Há outros índices que analisam o estado das democracias (como o do V-Dem Institut ou o da Freedom House, e as conclusões são idênticas.

A democracia está a perder terreno e, mesmo na Europa, os regimes híbridos estão a aumentar. Portugal está na lista das democracias com falhas. França, não. França era, no ano passado, a 23.ª democracia plena do mundo (só havia 24).

No rescaldo do desastre eleitoral de 9 de Junho, e com a sua popularidade em perda, Emmanuel Macron fez uma jogada política arriscada que pode pôr em causa este lugar: dissolveu a Assembleia Nacional e convocou eleições legislativas antecipadas em França. O chefe de Estado entendeu que a ida a votos poderia servir para reforçar a aliança de centro e a “maioria presidencial”. Não contou que a esquerda se unisse.

“O seu raciocínio era que a força da extrema-direita poderia ser uma alavanca útil para forçar outros partidos moderados a superar a sua antipatia para com ele e a concordar em trabalhar em conjunto para que o seu Governo pudesse aprovar legislação, em vez de ter de recorrer à imposição de medidas por decreto”, explica a EIU numa análise recente.

Em breve, na segunda volta das legislativas, haverá certezas absolutas sobre se a extrema-direita pode, de facto, ser uma “alavanca útil” para alguma coisa que não seja o seu próprio crescimento. Mas os sinais (fortes) já aí estão.

As primeiras projecções dos resultados do acto eleitoral deste domingo, que bateu recordes de participação, mostraram que o voto dos franceses nas europeias não foi um equívoco. Macron já nem sequer é um dos pólos aglutinadores em França — a União Nacional de Marine Le Pen e Jordan Bardella voltou a vencer e em segundo lugar ficou a união das esquerdas (Nova Frente Popular).

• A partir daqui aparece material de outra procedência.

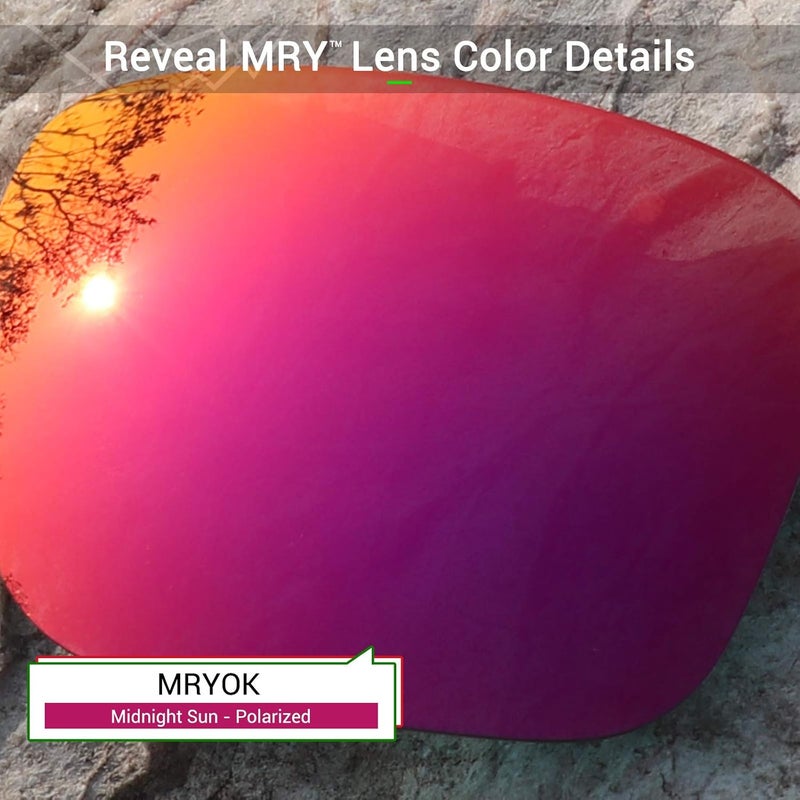 Mryok Replacement Lenses for Oakley Bottle Rocket OO9164 - Options - Image 3
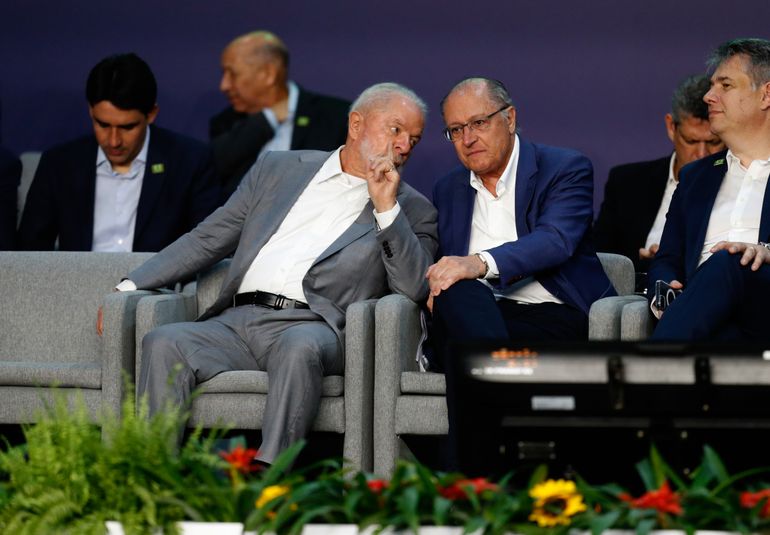 São Bernardo do Campo SP 02/02/2024 . Presidente Lula visita fábrica da Volkswagen em São Bernardo do Campo.  Foto Paulo Pinto/Agência Brasil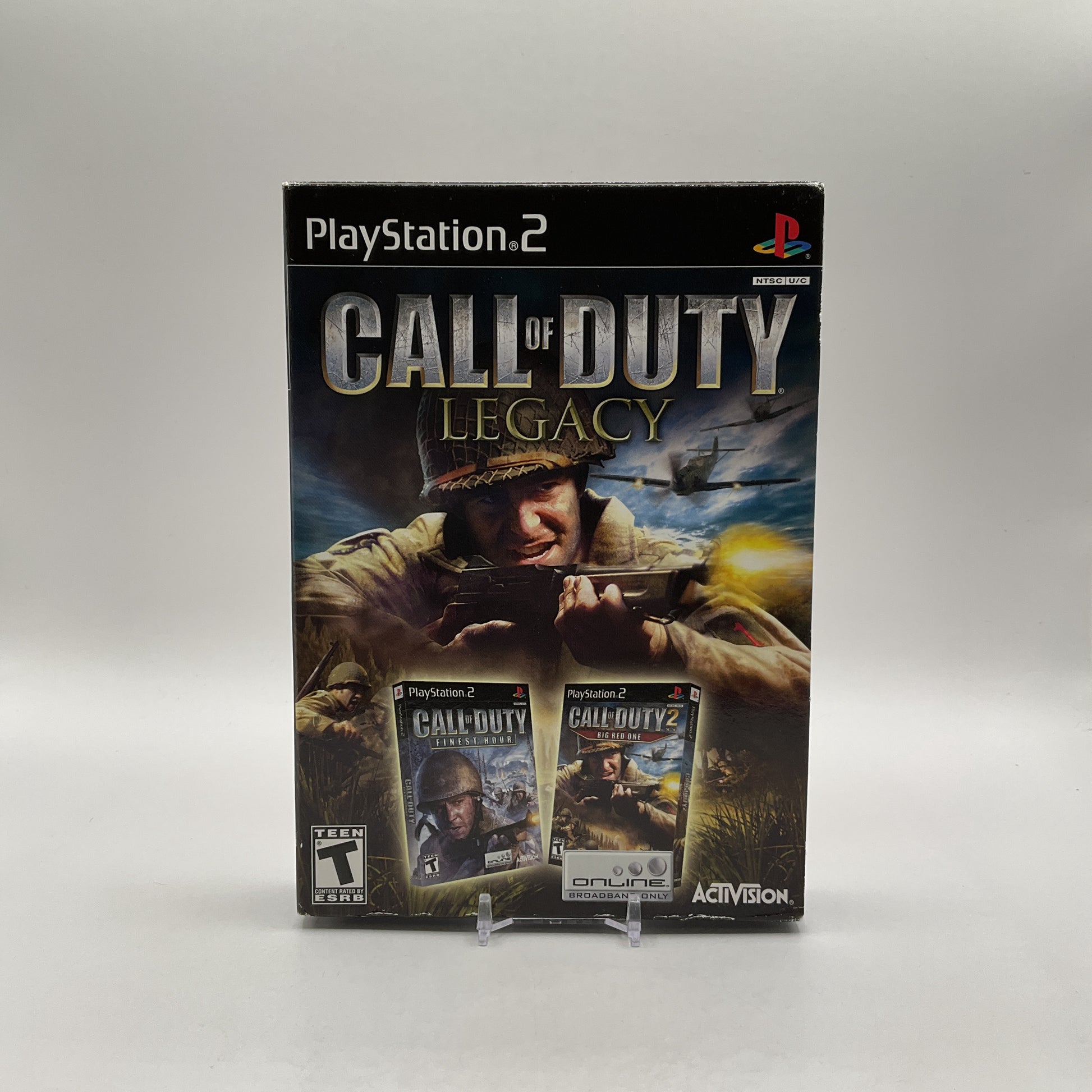 Call of Duty Legacy Playstation 2 Sealed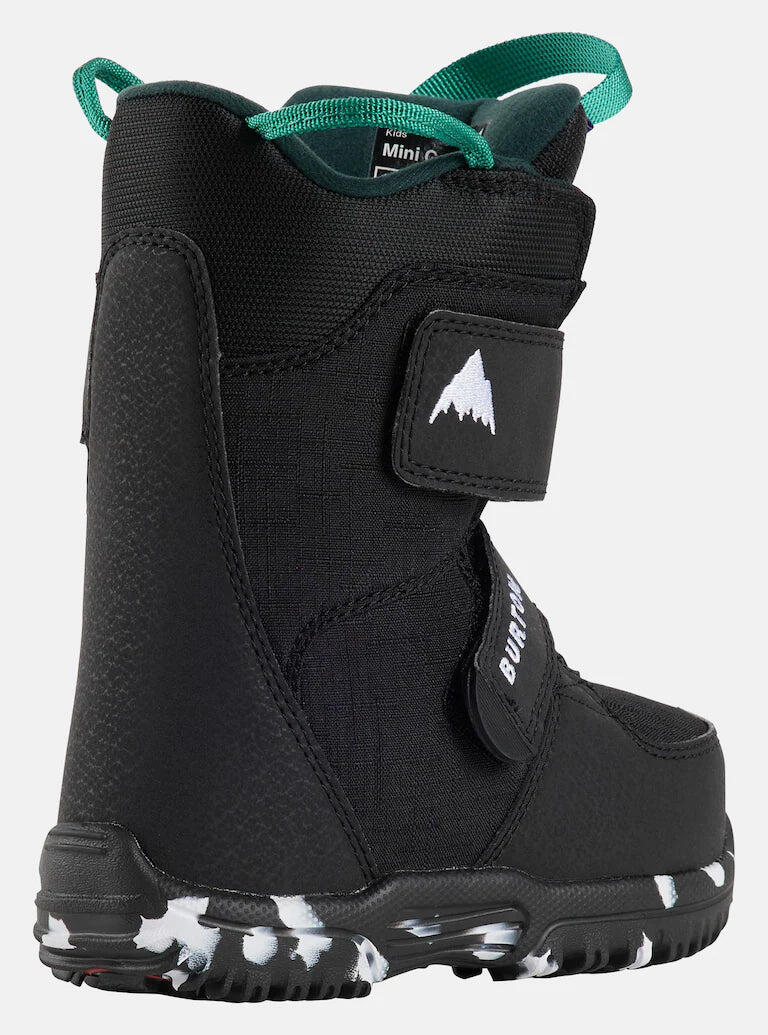 Botas de Snowboard para Criança Burton Mini Grom Pretas 2/4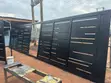 Main Gates - Steel, Black, Brand New - 2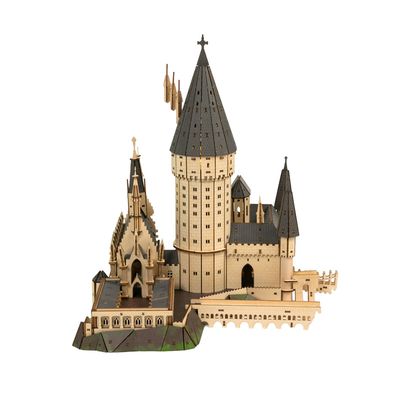 Harry Potter - Wooden Scene Hogwarts The Great Hall Light Up And Sound - Puremind Harry Potter - Wooden Scene Hogwarts The Great Hall Light Up And Sound - Puremind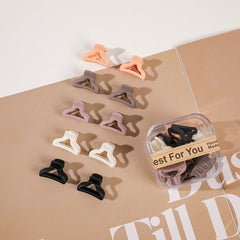 10Pcs Mini Hair Clips Mix for Women Girls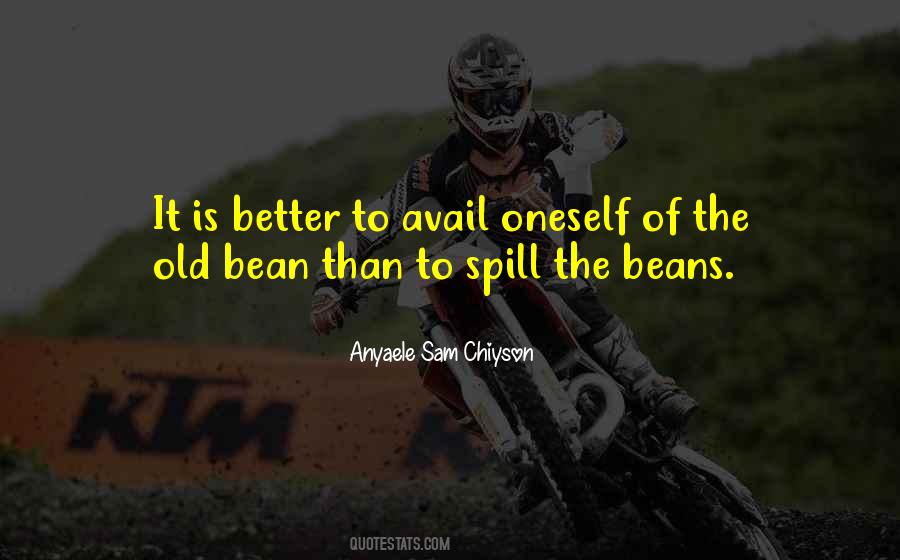 Anyaele Sam Chiyson Quotes #1134585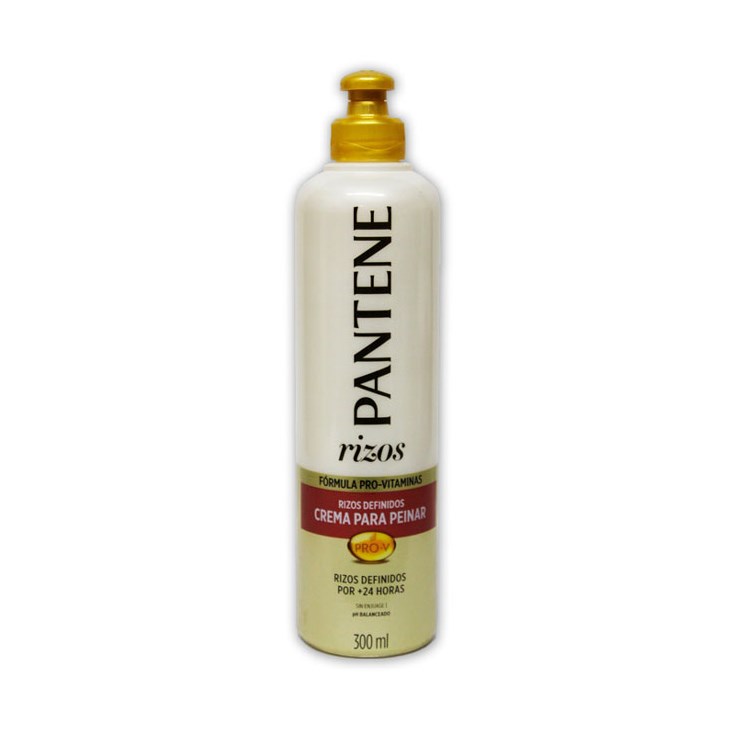 Pantene Crema De Peinar Rizos Definidos 300 Ml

Perante os números, Macron insistiu na sua receita inicial — uma aliança mais vasta para virar o jogo na segunda ronda —, enquanto a esquerda pediu a desistência de todos os candidatos que ficarem em terceiro.

Quanto à extrema-direita, neste ensaio eleitoral ela foi exactamente o que se podia esperar: uma alavanca inútil. Perde a democracia.